## The problem
Nothing in the data should change when you return it, but leave the pictures out.

## Dataset extract
--- --- ---

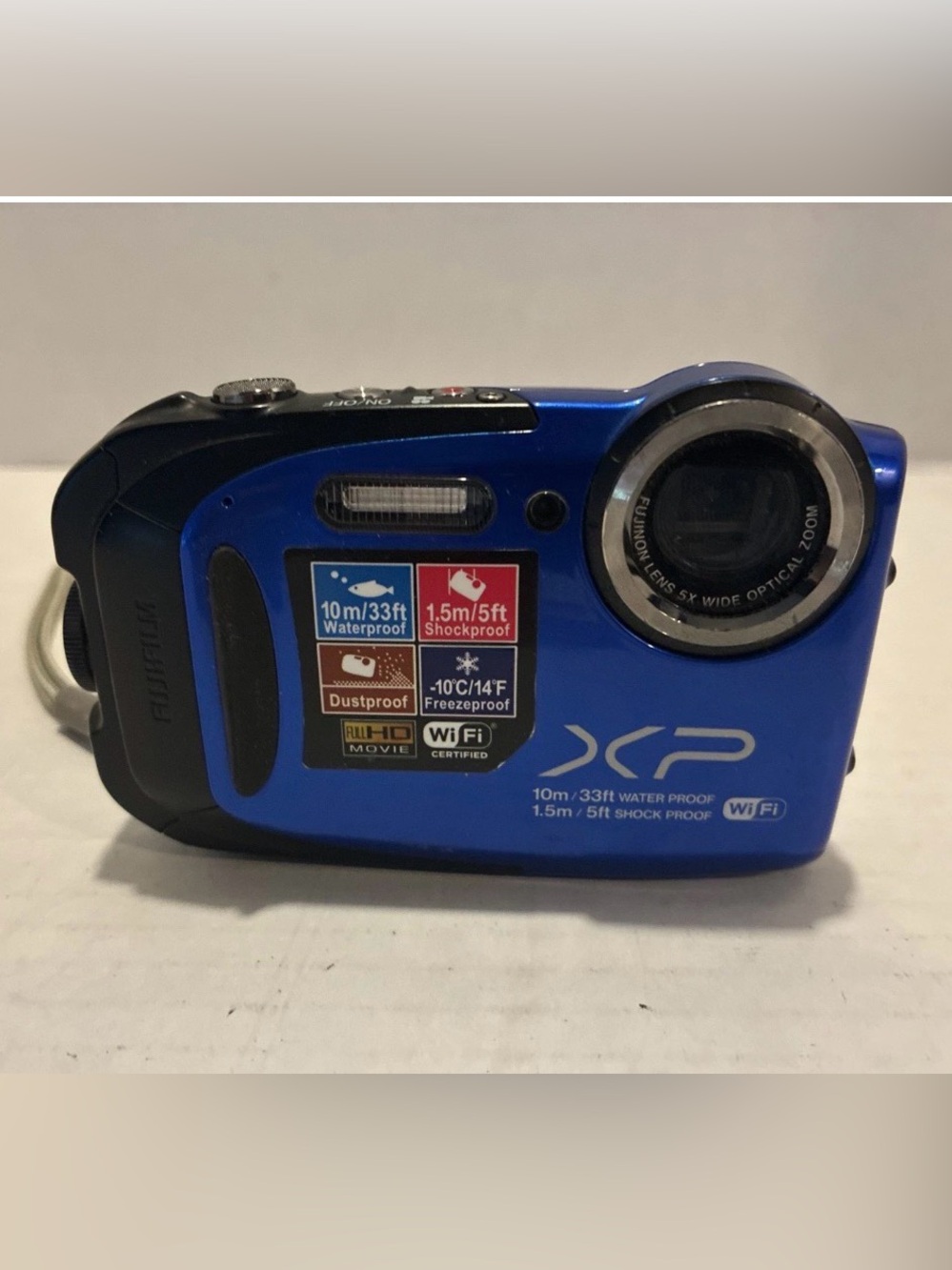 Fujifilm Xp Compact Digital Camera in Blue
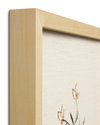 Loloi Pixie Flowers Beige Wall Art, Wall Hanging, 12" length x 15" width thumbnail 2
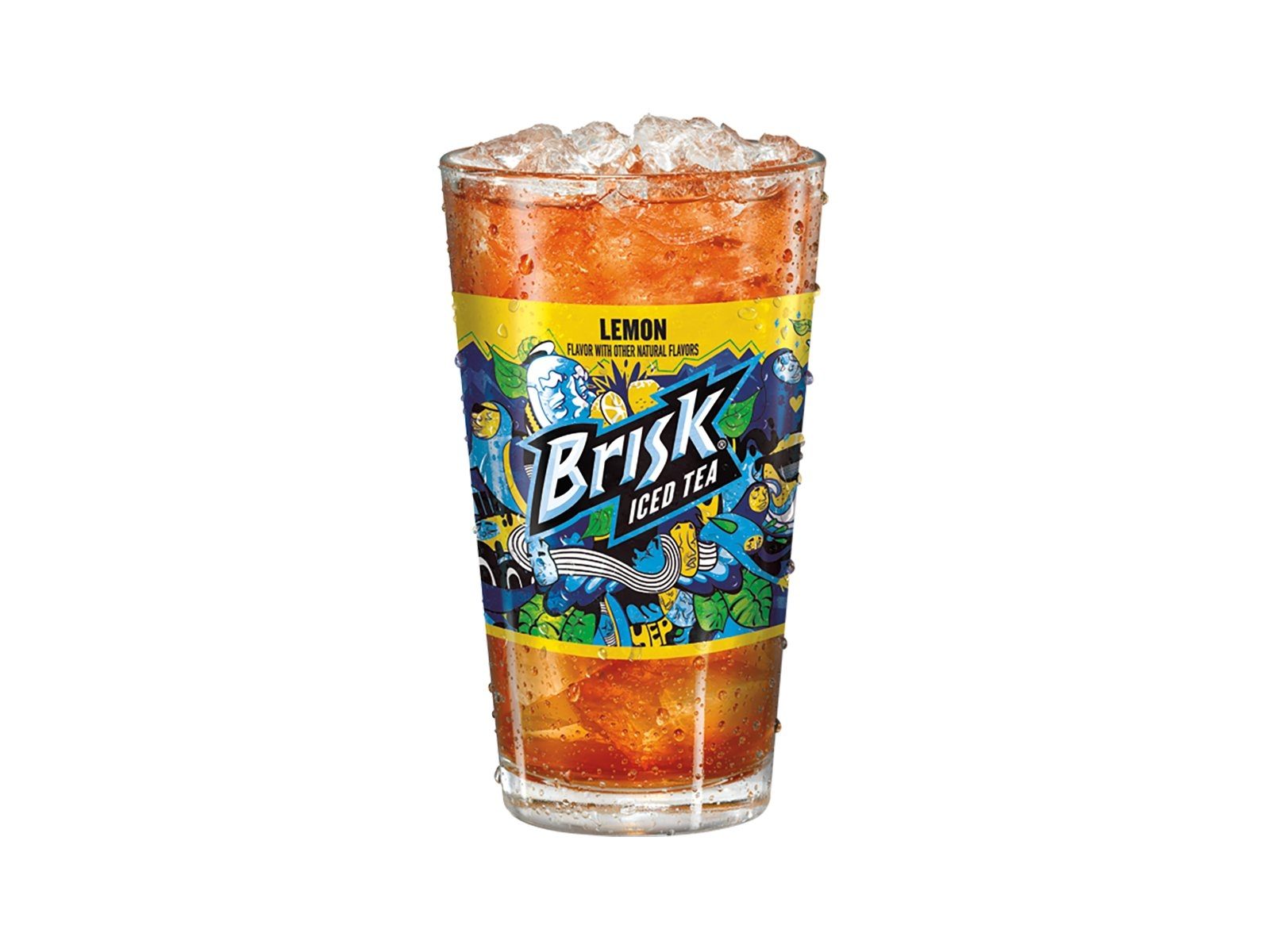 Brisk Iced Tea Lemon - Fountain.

--- --- ---

## Response box
 Fujifilm Xp Compact Digital Camera in Blue
 Loloi Pixie Flowers Beige Wall Art, Wall Hanging, 12" length x 15" width thumbnail 2
 Brisk Iced Tea Lemon - Fountain.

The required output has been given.